Without changing a thing, reproduce the entire listing and leave out its pictures.

_DATA FOR ANALYSIS_
◆ ◆ ◆ ◆ ◆ ◆ ◆

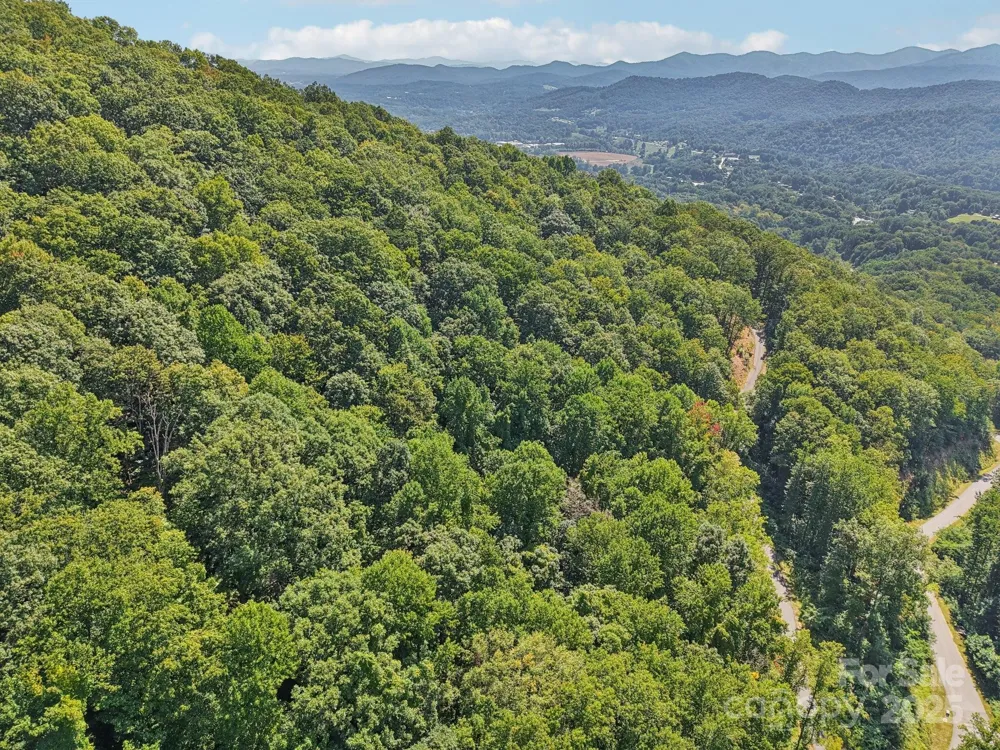 000 Biltmore View Drive #10 Candler, NC 28715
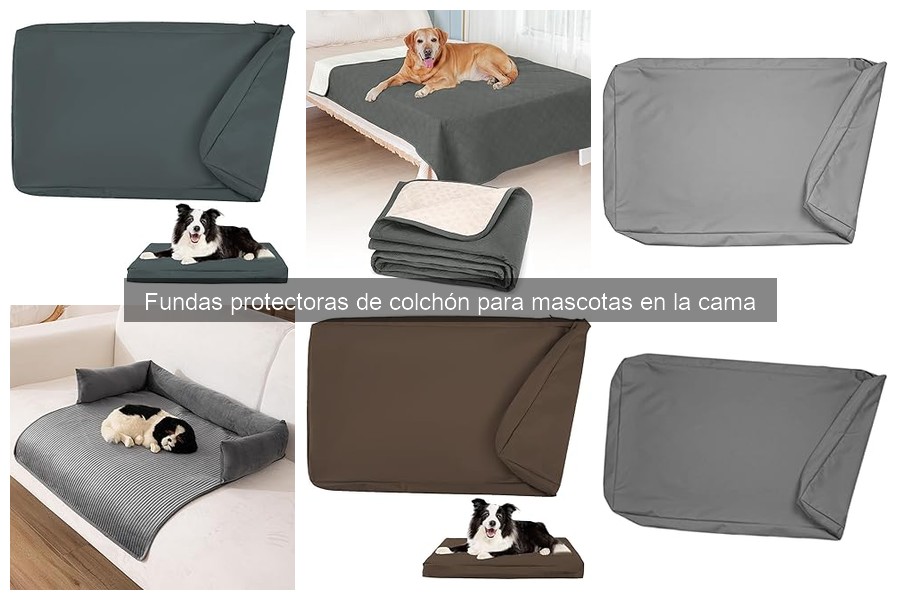 Consejos para Elegir Fundas Protectores de Colchón para Mascotas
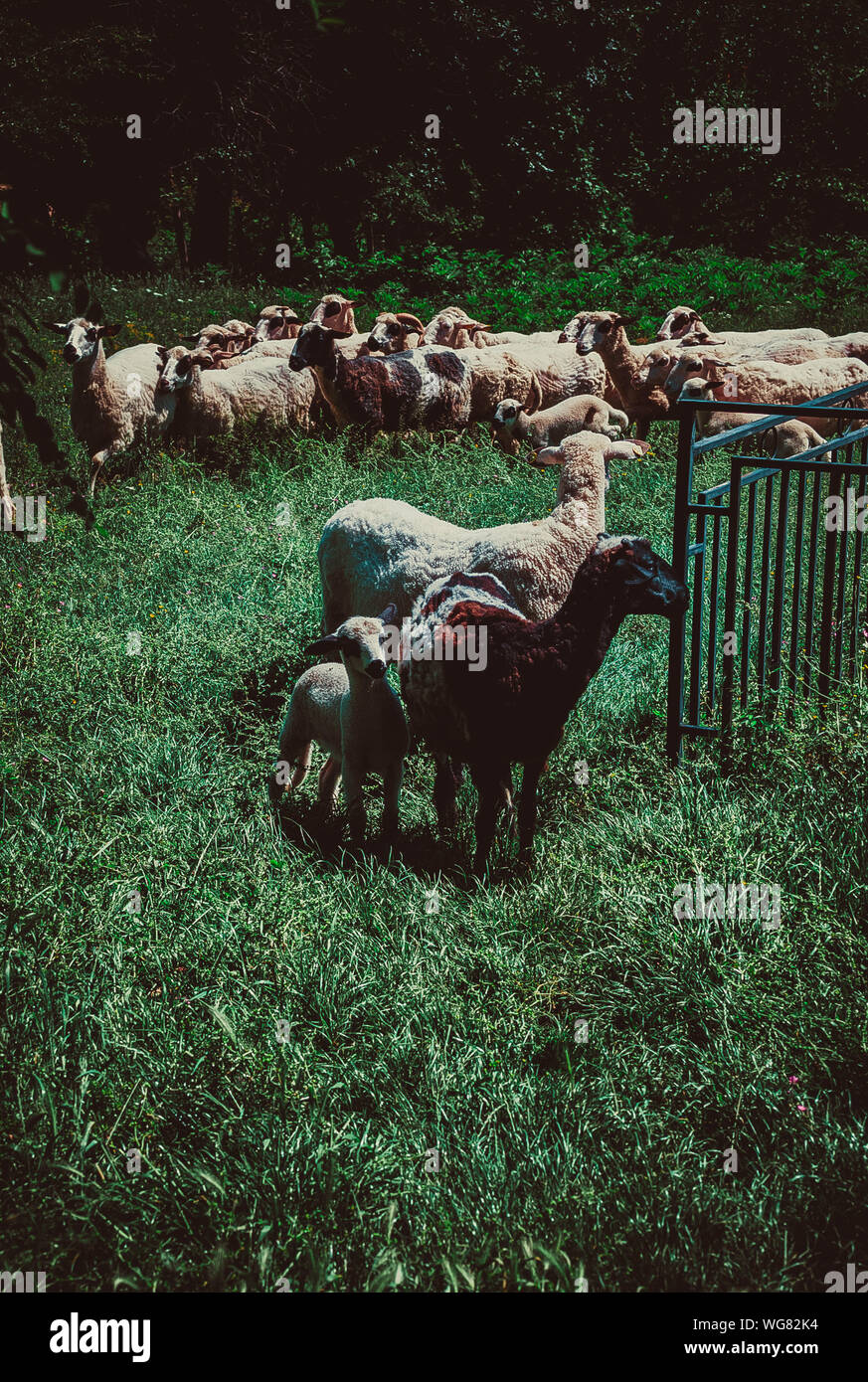 Flock Of Sheep On Field Stock Photo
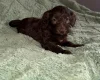 Cockapoo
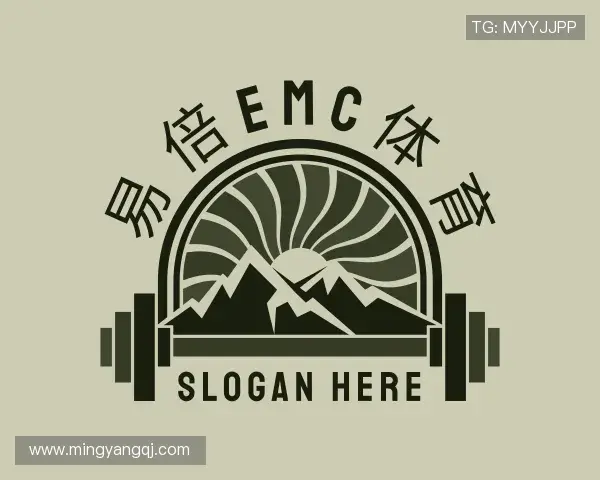了解易倍emc官网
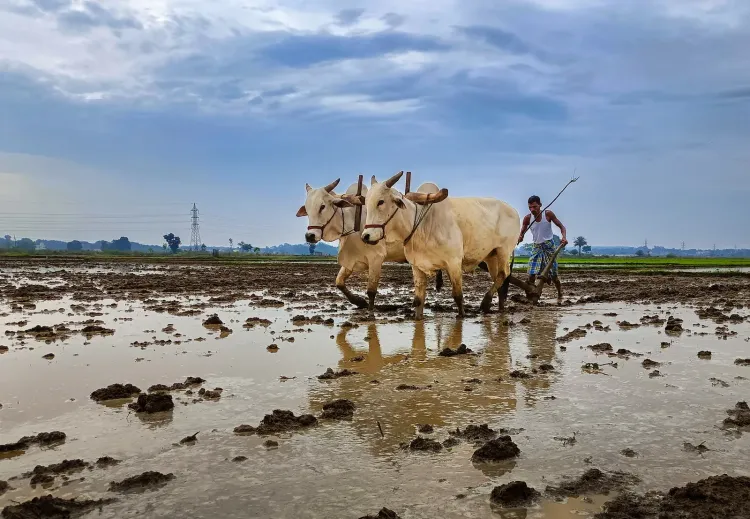 खरीफ बुआई 2026: 19 जून तक रकबा 119.90 लाख हेक्टेयर, धान-दलहन-मिलेट्स सभी में बढ़त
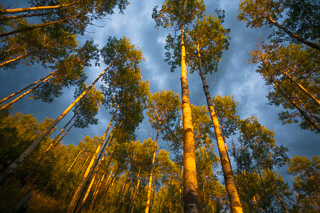 Warm Poplar Slope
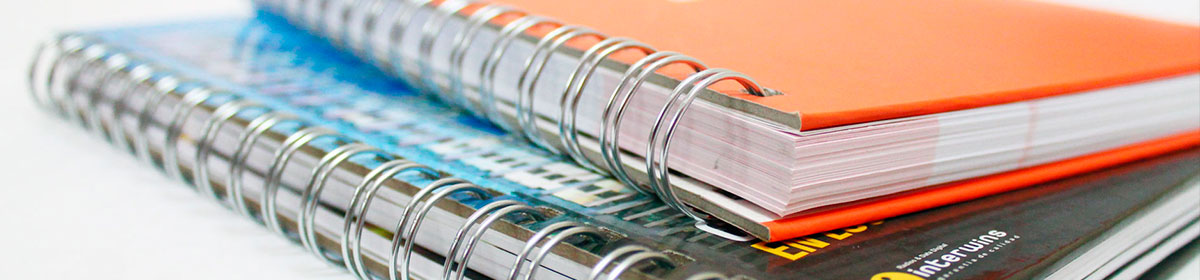 Catálogu bibliográficu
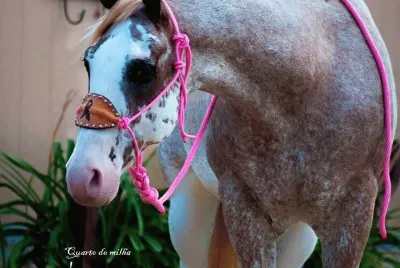 Cavalos 49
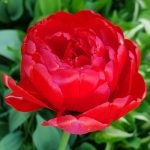 XXL Bazsarózsa virágú  piros tulipán Miranda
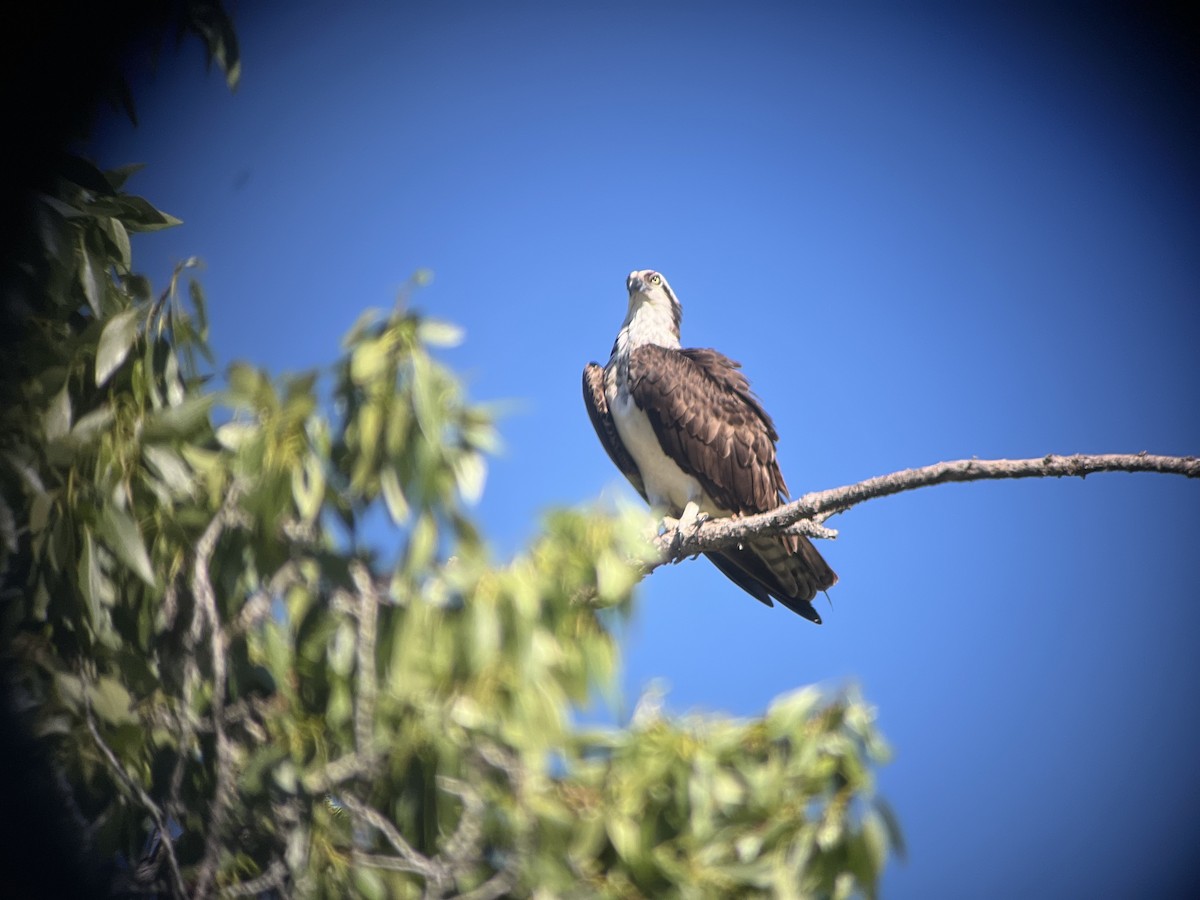 Osprey - ML620304375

◆ ◆ ◆ ◆ ◆ ◆ ◆

_TASK ANSWER_
 000 Biltmore View Drive #10 Candler, NC 28715
 Consejos para Elegir Fundas Protectores de Colchón para Mascotas
 Flock Of Sheep On Field Stock Photo
 Cockapoo
了解易倍emc官网
 खरीफ बुआई 2026: 19 जून तक रकबा 119.90 लाख हेक्टेयर, धान-दलहन-मिलेट्स सभी में बढ़त
 Warm Poplar Slope
 Catálogu bibliográficu
 Cavalos 49
 XXL Bazsarózsa virágú  piros tulipán Miranda
 Osprey - ML620304375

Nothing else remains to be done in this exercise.